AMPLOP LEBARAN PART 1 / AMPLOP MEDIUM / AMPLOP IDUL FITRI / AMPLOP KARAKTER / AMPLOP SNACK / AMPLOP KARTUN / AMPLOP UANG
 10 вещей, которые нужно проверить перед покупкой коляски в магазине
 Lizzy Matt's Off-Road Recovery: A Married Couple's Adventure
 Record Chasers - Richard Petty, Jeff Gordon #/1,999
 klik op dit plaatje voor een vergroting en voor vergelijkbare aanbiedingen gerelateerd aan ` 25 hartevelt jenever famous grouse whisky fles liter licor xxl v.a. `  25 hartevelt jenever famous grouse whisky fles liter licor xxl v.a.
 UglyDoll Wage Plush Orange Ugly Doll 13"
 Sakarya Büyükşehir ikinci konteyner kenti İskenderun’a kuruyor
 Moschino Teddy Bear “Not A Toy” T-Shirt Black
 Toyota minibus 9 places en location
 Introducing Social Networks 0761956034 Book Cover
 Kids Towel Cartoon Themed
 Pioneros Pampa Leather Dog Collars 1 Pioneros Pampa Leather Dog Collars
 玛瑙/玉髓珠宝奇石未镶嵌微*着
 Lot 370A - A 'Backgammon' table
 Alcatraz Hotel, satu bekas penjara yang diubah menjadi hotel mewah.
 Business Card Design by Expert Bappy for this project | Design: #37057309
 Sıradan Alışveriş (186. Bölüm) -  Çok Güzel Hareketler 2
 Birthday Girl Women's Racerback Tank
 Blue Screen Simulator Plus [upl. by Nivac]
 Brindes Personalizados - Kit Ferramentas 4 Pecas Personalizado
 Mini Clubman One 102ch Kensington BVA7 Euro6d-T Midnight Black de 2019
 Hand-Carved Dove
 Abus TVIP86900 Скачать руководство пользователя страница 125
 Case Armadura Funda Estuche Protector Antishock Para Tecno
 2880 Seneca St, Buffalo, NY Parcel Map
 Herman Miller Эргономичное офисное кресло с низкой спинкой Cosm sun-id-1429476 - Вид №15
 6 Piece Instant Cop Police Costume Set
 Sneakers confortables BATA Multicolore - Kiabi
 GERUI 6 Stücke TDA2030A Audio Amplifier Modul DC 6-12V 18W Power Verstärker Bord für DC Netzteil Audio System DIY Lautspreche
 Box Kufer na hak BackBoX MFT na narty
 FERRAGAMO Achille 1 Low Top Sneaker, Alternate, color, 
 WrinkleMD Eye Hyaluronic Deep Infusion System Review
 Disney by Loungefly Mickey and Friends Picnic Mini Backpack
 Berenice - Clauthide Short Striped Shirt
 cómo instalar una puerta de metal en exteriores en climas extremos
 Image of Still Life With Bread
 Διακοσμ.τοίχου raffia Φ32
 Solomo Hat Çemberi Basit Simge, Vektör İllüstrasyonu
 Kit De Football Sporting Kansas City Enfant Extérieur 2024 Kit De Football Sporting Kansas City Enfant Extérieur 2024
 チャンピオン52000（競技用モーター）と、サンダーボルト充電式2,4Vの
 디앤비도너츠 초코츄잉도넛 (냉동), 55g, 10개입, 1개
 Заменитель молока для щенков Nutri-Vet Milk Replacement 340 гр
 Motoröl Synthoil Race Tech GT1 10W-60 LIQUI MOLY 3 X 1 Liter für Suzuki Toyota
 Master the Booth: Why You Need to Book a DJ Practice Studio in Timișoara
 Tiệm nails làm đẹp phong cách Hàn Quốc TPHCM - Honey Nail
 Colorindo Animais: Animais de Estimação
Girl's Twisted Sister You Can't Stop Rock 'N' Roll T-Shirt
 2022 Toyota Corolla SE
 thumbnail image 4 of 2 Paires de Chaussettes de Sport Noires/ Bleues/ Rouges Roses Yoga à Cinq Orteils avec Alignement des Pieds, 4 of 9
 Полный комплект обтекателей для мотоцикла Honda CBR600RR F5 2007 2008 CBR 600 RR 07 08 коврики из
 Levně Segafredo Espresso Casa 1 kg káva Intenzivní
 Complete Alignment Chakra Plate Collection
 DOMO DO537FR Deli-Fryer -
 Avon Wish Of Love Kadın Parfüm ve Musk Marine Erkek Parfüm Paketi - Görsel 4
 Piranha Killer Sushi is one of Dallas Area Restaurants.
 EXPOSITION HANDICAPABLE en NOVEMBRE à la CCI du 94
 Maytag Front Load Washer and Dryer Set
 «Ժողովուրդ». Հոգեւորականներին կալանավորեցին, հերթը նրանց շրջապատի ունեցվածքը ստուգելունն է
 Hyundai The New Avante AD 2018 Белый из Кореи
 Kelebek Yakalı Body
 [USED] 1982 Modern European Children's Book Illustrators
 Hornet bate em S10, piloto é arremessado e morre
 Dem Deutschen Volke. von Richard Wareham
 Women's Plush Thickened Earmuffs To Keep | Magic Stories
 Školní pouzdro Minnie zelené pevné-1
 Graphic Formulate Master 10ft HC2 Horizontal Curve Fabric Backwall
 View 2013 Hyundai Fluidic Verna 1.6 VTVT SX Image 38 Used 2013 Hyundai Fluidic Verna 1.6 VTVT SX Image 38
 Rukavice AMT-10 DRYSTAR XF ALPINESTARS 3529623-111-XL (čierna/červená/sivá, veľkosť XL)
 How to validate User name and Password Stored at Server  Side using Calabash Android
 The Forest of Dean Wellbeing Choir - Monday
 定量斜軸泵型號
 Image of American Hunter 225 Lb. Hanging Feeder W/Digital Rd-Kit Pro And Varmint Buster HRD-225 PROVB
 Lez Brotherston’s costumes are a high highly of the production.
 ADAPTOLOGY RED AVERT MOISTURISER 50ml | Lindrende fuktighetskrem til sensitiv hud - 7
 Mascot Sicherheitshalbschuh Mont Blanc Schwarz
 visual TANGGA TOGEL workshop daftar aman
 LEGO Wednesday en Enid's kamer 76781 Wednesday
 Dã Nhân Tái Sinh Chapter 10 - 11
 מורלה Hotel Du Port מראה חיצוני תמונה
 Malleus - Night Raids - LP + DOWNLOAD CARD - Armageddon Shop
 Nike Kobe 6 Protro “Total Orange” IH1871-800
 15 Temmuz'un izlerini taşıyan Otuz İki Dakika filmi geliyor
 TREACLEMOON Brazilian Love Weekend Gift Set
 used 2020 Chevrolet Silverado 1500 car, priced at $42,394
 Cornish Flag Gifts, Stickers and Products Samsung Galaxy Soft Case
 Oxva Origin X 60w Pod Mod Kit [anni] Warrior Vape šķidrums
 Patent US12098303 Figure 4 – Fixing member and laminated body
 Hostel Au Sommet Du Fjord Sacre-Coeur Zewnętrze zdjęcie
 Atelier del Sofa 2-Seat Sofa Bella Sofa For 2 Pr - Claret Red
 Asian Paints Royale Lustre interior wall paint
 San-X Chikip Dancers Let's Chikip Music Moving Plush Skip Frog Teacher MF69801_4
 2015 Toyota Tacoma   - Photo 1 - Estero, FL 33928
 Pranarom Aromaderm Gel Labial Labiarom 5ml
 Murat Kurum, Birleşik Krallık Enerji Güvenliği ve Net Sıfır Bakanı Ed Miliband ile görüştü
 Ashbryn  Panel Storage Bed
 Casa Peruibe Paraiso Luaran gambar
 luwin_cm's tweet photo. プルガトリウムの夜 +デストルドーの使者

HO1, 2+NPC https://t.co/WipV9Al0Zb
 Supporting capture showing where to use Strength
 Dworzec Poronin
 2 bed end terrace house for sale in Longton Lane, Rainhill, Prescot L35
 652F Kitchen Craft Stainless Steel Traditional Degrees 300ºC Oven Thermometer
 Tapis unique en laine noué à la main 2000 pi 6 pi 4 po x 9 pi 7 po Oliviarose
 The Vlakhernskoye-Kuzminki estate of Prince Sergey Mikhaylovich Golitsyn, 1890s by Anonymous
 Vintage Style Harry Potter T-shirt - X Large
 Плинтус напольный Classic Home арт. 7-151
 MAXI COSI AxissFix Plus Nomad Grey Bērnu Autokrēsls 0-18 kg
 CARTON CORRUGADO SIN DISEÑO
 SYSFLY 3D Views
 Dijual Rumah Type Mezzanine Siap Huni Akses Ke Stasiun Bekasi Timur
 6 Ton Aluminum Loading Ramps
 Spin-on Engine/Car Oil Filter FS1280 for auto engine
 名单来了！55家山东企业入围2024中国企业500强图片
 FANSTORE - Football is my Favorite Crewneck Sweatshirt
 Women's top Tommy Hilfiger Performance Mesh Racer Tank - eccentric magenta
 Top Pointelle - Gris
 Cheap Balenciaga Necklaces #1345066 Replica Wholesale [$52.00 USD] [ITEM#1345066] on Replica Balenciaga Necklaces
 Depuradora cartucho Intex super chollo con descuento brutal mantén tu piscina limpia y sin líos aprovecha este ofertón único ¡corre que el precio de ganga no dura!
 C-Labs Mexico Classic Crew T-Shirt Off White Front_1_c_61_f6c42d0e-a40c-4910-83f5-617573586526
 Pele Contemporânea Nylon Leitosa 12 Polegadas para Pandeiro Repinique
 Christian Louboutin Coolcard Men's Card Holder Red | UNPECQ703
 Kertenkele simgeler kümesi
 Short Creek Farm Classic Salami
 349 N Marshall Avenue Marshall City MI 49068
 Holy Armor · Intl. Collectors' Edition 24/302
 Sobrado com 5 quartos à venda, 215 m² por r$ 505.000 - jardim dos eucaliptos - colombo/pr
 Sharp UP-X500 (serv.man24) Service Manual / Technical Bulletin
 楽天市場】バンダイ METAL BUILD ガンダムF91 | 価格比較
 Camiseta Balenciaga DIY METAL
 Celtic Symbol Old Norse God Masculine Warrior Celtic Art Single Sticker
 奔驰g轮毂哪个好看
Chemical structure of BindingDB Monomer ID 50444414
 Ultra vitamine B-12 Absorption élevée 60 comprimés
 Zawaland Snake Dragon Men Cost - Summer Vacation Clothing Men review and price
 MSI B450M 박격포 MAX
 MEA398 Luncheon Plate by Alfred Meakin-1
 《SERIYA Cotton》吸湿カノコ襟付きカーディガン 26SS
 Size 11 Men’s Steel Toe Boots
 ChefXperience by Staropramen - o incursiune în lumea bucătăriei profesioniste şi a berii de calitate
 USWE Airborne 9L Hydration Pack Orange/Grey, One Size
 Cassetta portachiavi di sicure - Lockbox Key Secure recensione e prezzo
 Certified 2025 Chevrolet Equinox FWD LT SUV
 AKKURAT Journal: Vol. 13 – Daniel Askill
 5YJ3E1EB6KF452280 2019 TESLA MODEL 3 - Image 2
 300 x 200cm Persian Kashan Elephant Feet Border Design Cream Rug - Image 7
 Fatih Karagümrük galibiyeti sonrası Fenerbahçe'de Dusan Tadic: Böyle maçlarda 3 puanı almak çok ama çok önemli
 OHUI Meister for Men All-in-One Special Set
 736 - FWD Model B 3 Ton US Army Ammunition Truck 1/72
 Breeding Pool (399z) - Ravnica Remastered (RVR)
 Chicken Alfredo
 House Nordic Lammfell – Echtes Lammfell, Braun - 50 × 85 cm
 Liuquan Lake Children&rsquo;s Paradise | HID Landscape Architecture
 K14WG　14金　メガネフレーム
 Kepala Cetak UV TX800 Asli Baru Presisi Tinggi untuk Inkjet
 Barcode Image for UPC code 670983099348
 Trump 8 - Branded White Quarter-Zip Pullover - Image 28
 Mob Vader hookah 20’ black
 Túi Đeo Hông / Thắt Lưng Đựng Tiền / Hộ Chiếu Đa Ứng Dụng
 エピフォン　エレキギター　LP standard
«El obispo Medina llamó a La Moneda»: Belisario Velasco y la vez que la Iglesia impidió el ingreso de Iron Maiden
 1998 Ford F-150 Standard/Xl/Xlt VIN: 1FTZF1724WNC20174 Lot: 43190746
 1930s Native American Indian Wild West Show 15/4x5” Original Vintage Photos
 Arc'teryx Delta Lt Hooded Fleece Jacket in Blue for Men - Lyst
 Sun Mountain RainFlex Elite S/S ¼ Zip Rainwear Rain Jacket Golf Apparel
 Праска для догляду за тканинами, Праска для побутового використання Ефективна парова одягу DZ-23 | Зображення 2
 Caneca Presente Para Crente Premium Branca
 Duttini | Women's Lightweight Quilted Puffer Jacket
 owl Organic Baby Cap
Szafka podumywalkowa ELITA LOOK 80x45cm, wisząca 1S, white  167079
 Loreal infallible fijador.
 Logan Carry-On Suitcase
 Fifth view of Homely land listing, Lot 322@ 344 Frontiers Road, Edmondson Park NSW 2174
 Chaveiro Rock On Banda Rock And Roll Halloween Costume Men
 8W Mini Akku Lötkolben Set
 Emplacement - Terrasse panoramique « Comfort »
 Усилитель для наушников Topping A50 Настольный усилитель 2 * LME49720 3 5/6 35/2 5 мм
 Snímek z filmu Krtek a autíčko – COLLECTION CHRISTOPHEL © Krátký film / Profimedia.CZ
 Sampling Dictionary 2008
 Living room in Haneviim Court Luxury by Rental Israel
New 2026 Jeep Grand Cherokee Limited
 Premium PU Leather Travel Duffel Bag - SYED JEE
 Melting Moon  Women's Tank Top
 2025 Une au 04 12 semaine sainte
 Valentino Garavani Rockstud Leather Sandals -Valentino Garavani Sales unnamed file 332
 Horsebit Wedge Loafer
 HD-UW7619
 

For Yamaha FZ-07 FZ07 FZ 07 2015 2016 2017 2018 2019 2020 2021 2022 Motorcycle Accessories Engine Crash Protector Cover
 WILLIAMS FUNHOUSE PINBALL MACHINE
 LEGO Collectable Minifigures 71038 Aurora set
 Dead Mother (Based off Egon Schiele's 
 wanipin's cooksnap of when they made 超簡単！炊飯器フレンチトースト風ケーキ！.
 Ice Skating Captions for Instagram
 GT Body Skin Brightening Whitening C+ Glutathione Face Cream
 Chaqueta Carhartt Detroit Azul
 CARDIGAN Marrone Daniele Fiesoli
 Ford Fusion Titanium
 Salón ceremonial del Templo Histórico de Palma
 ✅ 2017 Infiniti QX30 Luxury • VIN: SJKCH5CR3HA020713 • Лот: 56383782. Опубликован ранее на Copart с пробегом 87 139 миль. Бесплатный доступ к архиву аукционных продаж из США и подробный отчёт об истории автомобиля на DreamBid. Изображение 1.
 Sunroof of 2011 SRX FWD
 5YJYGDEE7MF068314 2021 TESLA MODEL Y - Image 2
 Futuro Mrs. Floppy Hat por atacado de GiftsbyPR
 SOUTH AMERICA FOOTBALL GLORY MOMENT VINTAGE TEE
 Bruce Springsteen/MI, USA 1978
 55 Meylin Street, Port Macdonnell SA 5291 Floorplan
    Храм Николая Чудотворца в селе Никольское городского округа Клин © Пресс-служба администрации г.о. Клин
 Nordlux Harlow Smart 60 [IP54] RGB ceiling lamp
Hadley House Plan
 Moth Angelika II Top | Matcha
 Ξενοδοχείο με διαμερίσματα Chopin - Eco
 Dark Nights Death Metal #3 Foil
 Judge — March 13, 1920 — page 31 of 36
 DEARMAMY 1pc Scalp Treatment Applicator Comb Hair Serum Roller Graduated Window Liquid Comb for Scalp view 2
------------------------------------
> _WORK ITEM_
What you return should be exactly the lines above, starting at the one with "Box Kufer na hak BackBoX MFT na narty" and ending at the one with "thumbnail image 4", and nothing else.

> _TASK SOLUTION_
 Box Kufer na hak BackBoX MFT na narty
 FERRAGAMO Achille 1 Low Top Sneaker, Alternate, color, 
 WrinkleMD Eye Hyaluronic Deep Infusion System Review
 Disney by Loungefly Mickey and Friends Picnic Mini Backpack
 Berenice - Clauthide Short Striped Shirt
 cómo instalar una puerta de metal en exteriores en climas extremos
 Image of Still Life With Bread
 Διακοσμ.τοίχου raffia Φ32
 Solomo Hat Çemberi Basit Simge, Vektör İllüstrasyonu
 Kit De Football Sporting Kansas City Enfant Extérieur 2024 Kit De Football Sporting Kansas City Enfant Extérieur 2024
 チャンピオン52000（競技用モーター）と、サンダーボルト充電式2,4Vの
 디앤비도너츠 초코츄잉도넛 (냉동), 55g, 10개입, 1개
 Заменитель молока для щенков Nutri-Vet Milk Replacement 340 гр
 Motoröl Synthoil Race Tech GT1 10W-60 LIQUI MOLY 3 X 1 Liter für Suzuki Toyota
 Master the Booth: Why You Need to Book a DJ Practice Studio in Timișoara
 Tiệm nails làm đẹp phong cách Hàn Quốc TPHCM - Honey Nail
 Colorindo Animais: Animais de Estimação
Girl's Twisted Sister You Can't Stop Rock 'N' Roll T-Shirt
 2022 Toyota Corolla SE
 thumbnail image 4 of 2 Paires de Chaussettes de Sport Noires/ Bleues/ Rouges Roses Yoga à Cinq Orteils avec Alignement des Pieds, 4 of 9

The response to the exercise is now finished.